__What you need to do__
A faithful copy of the data is the goal; set it down exactly, without the images.

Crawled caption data
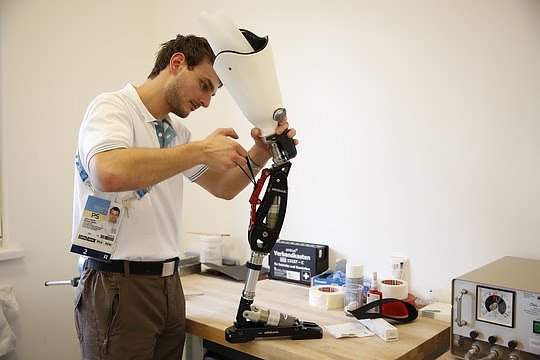 Spezielle Skiprothesen wie das ProCarve werden gewartet und repariert. (Foto: Ottobock) Spezielle Skiprothesen wie das ProCarve werden gewartet und repariert. (Foto: Ottobock)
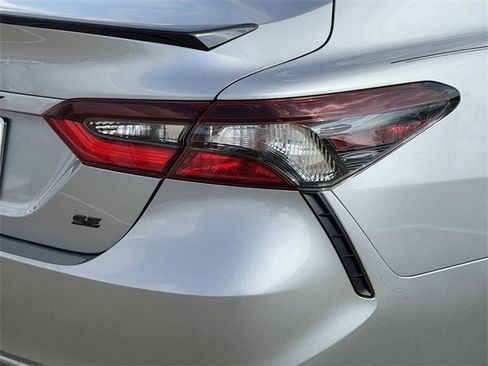 Used 2022 Toyota Camry SE image 7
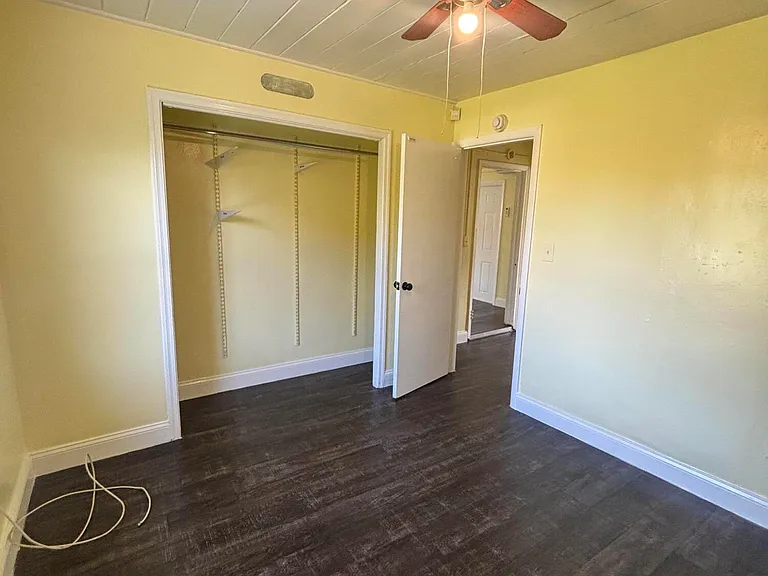 328 Urquhart St — Photo 24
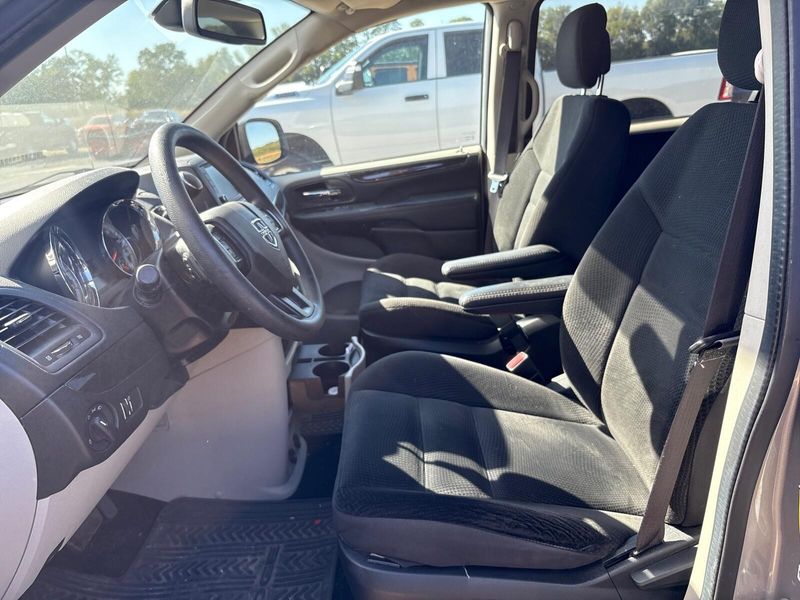 Used 2019 Dodge Grand Caravan SEImage 4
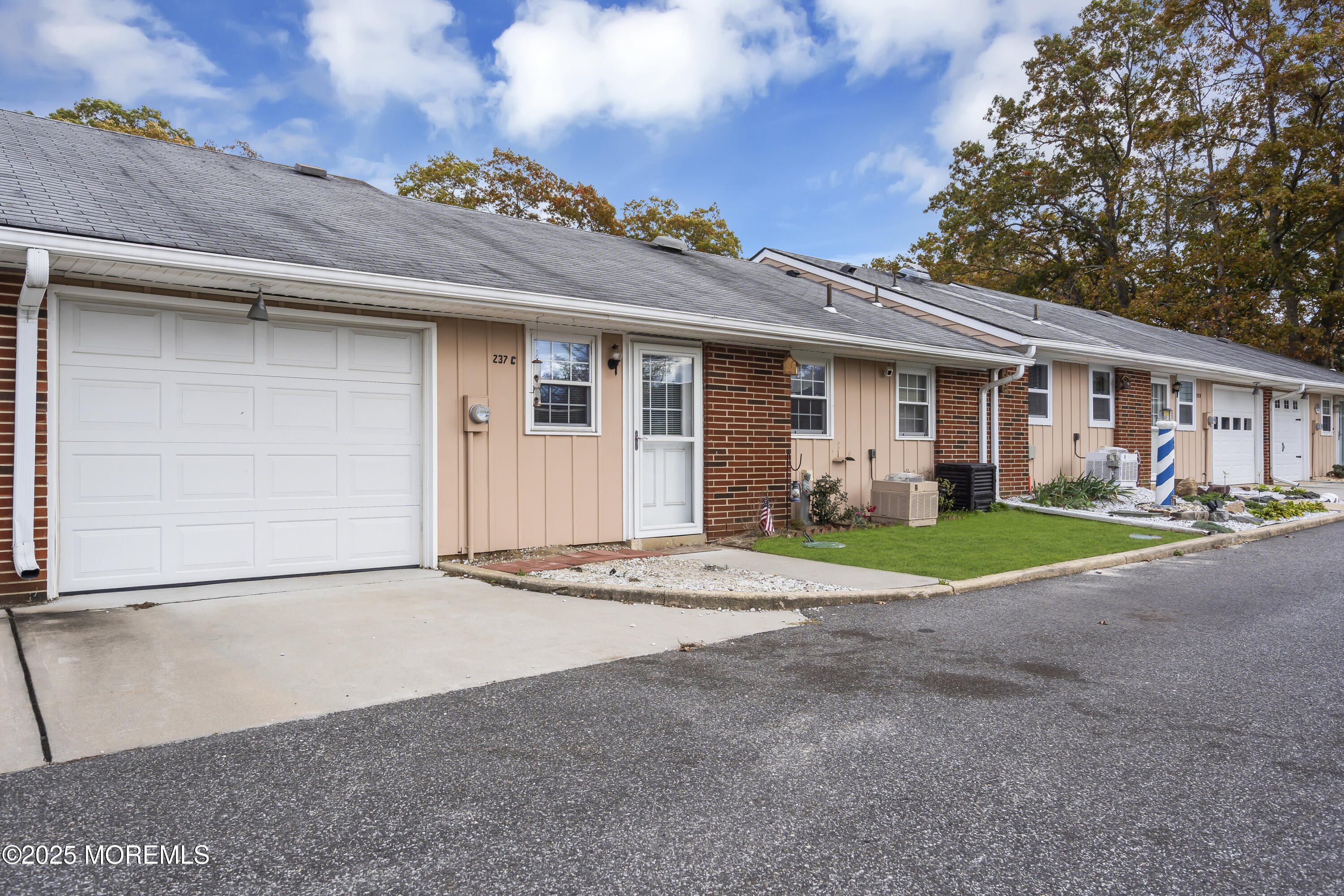 237 Huntington Drive, C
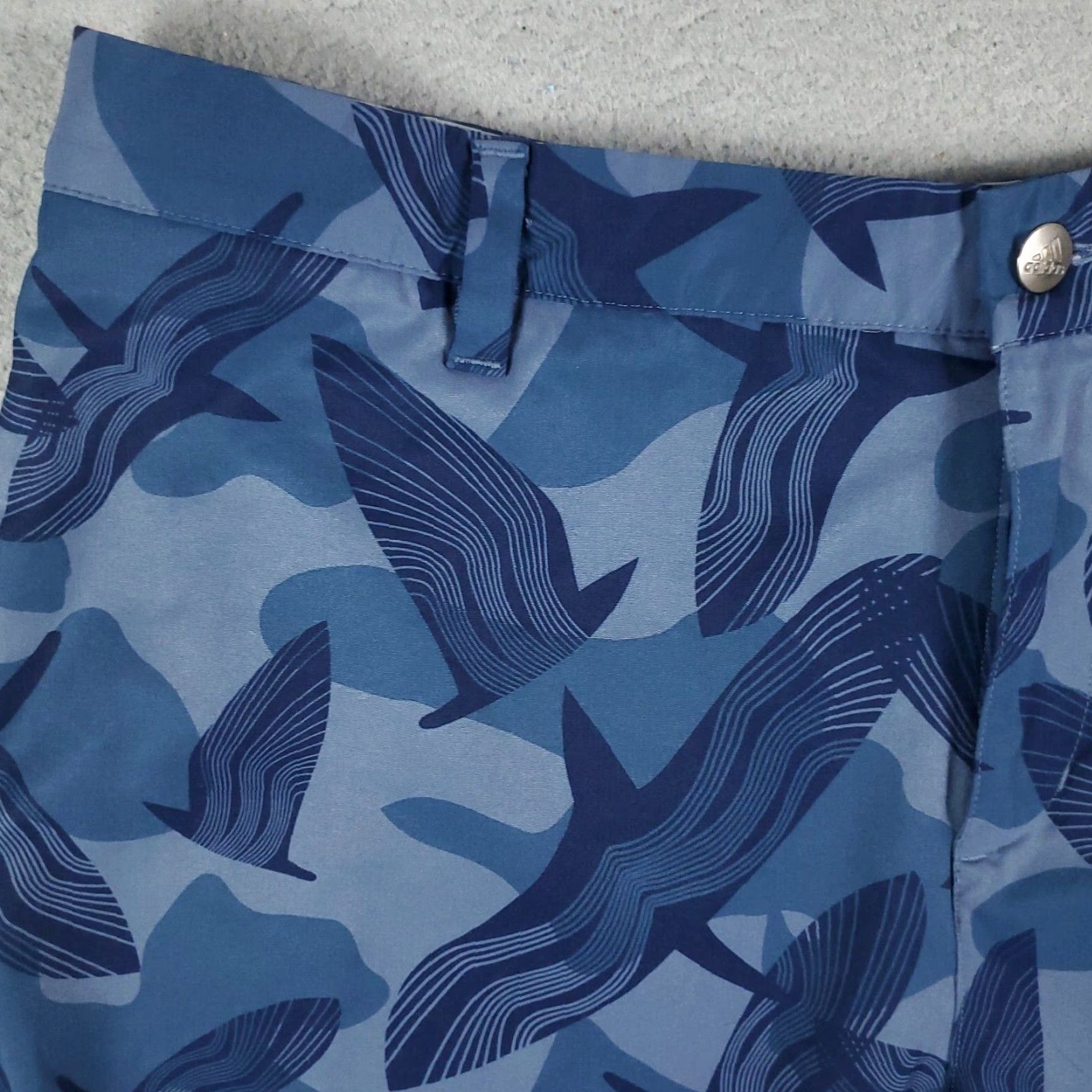 Adidas Adidas Shorts Mens Waist 34 Blue Bird Print Casual Flat Front Chinos Size US 34 / EU 50 - 2 Thumbnail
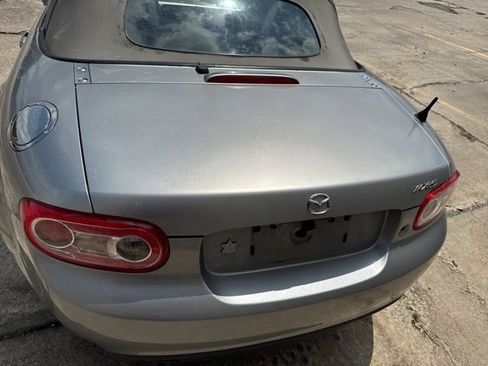 Used 2010 MAZDA MX-5 Miata Touring w/ Appearance Pkg RWD image 5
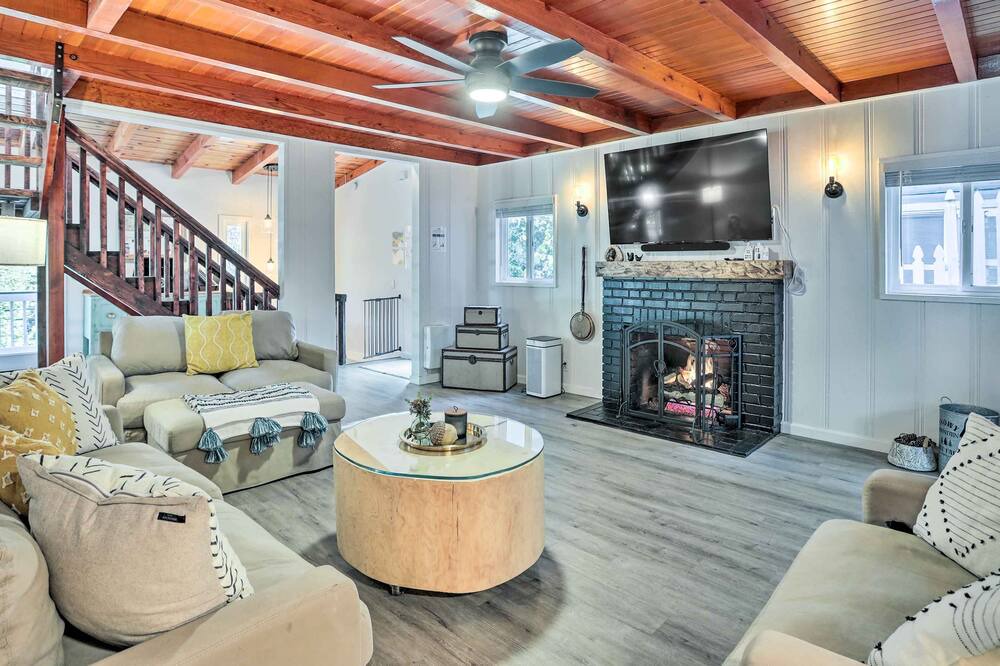 Photo of Livingroom in Arrowhead Villas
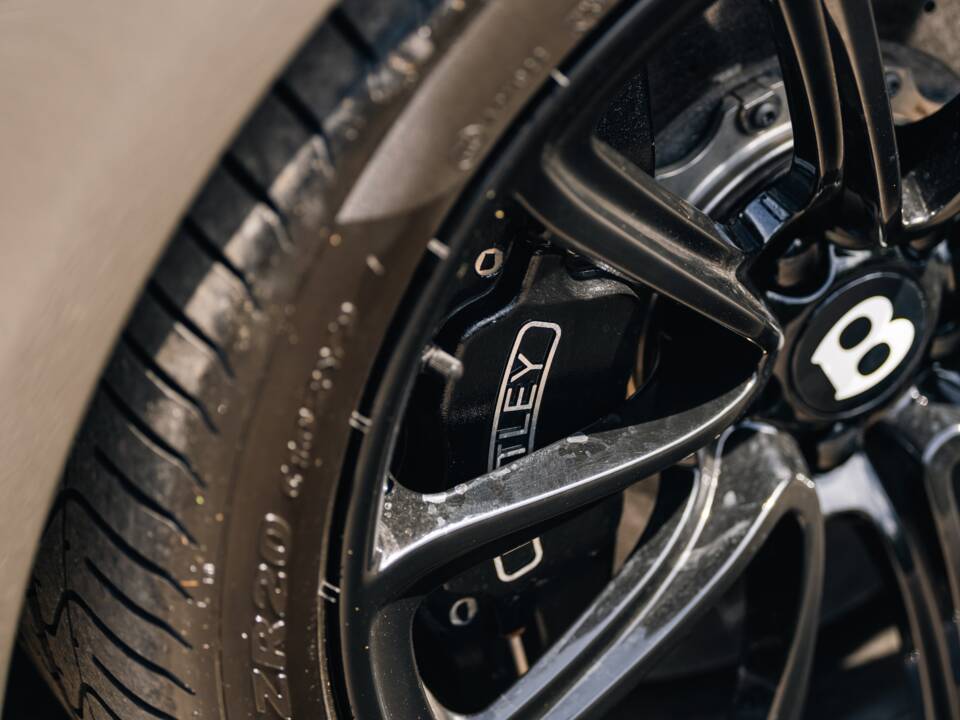 Immagine 18/50 di Bentley Continental GTC (2010)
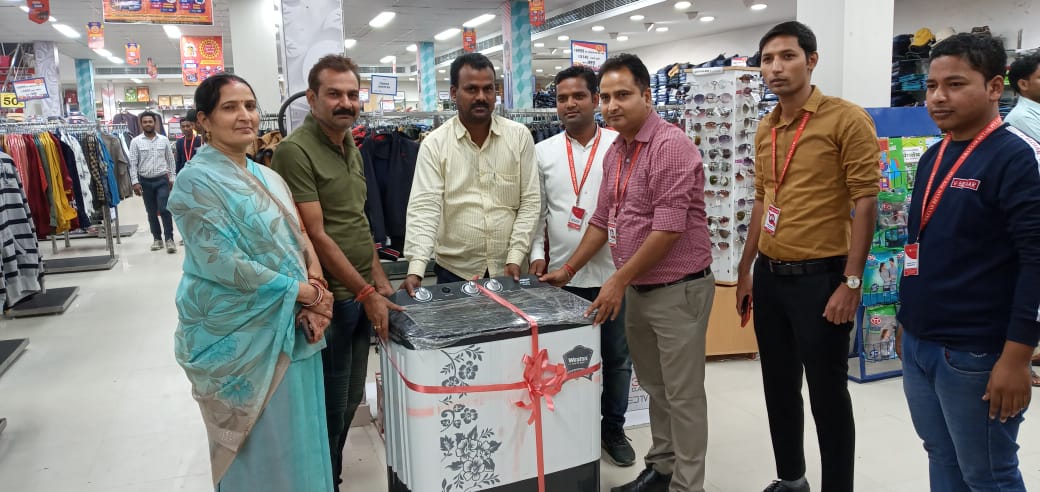 VBAZAR2's tweet photo. Congratulations to Lucky Draw Gift winners. Happy faces @V-Bazaar.
#luckydrawwinners #congratulations #luckywinners #happycustomers #CustomerSatisfaction #festiveoffer #festiveshopping #offers #assuredgift #retailoffers #retailnews #Retail #vbazaar #diwalioffer #dilbolediwalihai https://t.co/PEjlLgEMje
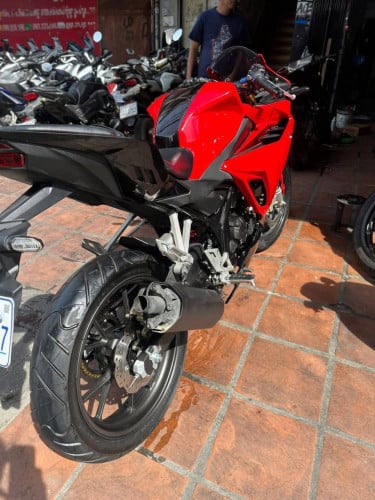 HONDA CBR150R 150cc 2021 មួយទឹក ស្លាកលេខ​ នៅស្អាត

__Reply__
 Spezielle Skiprothesen wie das ProCarve werden gewartet und repariert. (Foto: Ottobock) Spezielle Skiprothesen wie das ProCarve werden gewartet und repariert. (Foto: Ottobock)
 Used 2022 Toyota Camry SE image 7
 328 Urquhart St — Photo 24
 Used 2019 Dodge Grand Caravan SEImage 4
 237 Huntington Drive, C
 Adidas Adidas Shorts Mens Waist 34 Blue Bird Print Casual Flat Front Chinos Size US 34 / EU 50 - 2 Thumbnail
 Used 2010 MAZDA MX-5 Miata Touring w/ Appearance Pkg RWD image 5
 Photo of Livingroom in Arrowhead Villas
 Immagine 18/50 di Bentley Continental GTC (2010)
 VBAZAR2's tweet photo. Congratulations to Lucky Draw Gift winners. Happy faces @V-Bazaar.
#luckydrawwinners #congratulations #luckywinners #happycustomers #CustomerSatisfaction #festiveoffer #festiveshopping #offers #assuredgift #retailoffers #retailnews #Retail #vbazaar #diwalioffer #dilbolediwalihai https://t.co/PEjlLgEMje
 HONDA CBR150R 150cc 2021 មួយទឹក ស្លាកលេខ​ នៅស្អាត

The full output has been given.